#### [ACTIVITY]
Return every line from the one with "Small Makeup Bag" through the one with "USB Wall Socket", inclusive, exactly as it appears below.

#### [PROVIDED INFORMATION]

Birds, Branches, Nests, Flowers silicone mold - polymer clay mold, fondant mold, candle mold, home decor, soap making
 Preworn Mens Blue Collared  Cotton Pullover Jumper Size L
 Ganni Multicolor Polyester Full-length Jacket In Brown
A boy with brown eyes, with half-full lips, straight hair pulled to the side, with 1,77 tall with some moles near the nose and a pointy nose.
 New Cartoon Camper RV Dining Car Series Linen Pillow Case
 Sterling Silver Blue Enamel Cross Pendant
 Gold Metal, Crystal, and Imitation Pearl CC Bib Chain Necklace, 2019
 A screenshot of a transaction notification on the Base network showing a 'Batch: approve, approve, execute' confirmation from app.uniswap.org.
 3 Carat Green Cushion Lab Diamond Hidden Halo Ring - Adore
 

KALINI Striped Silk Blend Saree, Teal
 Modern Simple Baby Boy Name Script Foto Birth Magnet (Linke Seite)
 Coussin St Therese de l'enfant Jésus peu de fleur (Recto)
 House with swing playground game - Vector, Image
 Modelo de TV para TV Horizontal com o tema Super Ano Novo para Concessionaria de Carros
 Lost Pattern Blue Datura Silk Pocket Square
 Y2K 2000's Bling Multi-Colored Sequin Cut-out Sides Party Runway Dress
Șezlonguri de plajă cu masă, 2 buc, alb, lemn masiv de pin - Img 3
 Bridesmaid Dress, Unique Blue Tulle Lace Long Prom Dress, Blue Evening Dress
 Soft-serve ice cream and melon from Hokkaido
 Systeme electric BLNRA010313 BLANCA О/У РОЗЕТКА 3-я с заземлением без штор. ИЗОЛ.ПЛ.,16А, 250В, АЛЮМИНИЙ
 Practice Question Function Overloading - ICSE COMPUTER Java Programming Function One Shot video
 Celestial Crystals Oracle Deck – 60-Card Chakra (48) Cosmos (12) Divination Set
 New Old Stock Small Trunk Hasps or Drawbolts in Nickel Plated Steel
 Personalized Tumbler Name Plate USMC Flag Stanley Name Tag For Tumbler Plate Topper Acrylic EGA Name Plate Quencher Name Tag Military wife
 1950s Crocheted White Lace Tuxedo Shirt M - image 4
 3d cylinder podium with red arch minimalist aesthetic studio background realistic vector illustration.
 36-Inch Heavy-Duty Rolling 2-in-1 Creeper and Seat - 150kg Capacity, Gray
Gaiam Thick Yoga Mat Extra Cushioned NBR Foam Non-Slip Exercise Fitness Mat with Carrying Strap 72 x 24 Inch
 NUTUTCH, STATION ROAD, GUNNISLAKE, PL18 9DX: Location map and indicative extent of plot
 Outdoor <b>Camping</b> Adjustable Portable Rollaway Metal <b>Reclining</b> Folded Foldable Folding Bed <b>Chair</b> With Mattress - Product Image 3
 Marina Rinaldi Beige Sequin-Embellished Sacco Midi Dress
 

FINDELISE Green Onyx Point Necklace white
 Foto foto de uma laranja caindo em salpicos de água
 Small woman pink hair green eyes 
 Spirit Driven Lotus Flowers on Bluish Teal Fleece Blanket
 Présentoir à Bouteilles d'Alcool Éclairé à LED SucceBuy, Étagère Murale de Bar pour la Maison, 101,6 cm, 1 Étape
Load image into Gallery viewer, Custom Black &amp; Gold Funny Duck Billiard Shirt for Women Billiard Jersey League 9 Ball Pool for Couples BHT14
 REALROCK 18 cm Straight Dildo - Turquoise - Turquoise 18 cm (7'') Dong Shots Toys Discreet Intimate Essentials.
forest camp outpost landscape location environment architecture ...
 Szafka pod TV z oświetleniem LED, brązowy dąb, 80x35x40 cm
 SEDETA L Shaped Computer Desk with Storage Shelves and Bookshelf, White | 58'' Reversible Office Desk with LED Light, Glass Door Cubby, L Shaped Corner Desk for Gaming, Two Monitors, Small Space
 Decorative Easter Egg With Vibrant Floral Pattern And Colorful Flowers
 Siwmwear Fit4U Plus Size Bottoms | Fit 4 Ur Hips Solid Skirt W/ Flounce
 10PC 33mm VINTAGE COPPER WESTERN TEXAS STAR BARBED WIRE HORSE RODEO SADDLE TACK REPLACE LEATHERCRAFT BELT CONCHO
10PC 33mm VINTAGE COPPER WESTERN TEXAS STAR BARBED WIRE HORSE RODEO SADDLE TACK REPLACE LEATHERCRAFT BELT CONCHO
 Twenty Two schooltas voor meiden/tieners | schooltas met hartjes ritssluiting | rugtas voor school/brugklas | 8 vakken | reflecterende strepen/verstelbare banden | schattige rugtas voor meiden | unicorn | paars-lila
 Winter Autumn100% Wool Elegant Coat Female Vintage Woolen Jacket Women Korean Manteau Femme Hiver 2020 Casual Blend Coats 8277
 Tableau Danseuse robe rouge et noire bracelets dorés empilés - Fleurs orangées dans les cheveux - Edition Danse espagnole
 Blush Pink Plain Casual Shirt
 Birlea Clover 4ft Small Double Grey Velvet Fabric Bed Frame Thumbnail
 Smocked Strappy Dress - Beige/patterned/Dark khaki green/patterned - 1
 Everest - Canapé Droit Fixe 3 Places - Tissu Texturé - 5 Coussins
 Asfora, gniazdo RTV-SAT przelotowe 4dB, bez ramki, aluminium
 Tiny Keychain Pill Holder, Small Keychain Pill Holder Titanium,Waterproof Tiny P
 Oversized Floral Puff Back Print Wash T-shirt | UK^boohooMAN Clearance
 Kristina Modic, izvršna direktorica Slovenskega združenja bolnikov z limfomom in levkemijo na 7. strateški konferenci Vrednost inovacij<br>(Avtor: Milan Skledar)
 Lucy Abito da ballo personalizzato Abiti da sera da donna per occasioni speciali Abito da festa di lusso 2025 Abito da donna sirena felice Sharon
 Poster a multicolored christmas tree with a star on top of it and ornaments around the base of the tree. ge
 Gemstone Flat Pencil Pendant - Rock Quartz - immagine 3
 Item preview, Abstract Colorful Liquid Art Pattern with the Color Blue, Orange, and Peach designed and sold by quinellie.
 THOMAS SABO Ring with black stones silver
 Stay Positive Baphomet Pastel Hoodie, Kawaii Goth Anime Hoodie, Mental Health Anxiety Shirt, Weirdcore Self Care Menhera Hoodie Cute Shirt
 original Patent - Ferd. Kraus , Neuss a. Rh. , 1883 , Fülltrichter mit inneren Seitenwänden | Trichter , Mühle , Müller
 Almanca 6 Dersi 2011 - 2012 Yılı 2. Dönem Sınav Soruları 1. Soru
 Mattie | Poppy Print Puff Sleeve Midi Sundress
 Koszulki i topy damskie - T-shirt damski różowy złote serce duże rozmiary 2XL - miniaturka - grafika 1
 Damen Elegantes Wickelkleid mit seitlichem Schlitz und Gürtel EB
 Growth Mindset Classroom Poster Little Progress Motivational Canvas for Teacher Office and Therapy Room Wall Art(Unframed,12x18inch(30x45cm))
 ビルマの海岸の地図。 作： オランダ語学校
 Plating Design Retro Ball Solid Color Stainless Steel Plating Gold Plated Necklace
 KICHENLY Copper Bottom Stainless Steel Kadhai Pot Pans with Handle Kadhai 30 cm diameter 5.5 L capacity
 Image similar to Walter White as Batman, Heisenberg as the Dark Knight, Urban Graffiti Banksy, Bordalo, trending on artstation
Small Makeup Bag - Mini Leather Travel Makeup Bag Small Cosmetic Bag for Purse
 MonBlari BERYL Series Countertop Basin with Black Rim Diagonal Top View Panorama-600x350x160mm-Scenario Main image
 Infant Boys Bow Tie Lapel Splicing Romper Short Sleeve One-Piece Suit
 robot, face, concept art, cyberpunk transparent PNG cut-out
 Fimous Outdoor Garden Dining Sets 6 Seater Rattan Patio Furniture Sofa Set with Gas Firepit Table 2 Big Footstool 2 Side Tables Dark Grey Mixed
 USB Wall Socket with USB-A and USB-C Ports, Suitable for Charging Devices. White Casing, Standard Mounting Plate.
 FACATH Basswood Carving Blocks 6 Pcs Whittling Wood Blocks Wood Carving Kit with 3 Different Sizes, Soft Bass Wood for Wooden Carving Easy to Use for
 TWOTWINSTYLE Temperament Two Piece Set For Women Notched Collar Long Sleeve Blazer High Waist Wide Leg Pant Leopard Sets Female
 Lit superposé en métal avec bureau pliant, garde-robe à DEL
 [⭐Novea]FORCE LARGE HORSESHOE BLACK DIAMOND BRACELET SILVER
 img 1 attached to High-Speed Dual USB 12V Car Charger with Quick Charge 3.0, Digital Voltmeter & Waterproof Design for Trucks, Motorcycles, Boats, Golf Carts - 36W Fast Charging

#### [WORKED SOLUTION]
Small Makeup Bag - Mini Leather Travel Makeup Bag Small Cosmetic Bag for Purse
 MonBlari BERYL Series Countertop Basin with Black Rim Diagonal Top View Panorama-600x350x160mm-Scenario Main image
 Infant Boys Bow Tie Lapel Splicing Romper Short Sleeve One-Piece Suit
 robot, face, concept art, cyberpunk transparent PNG cut-out
 Fimous Outdoor Garden Dining Sets 6 Seater Rattan Patio Furniture Sofa Set with Gas Firepit Table 2 Big Footstool 2 Side Tables Dark Grey Mixed
 USB Wall Socket with USB-A and USB-C Ports, Suitable for Charging Devices. White Casing, Standard Mounting Plate.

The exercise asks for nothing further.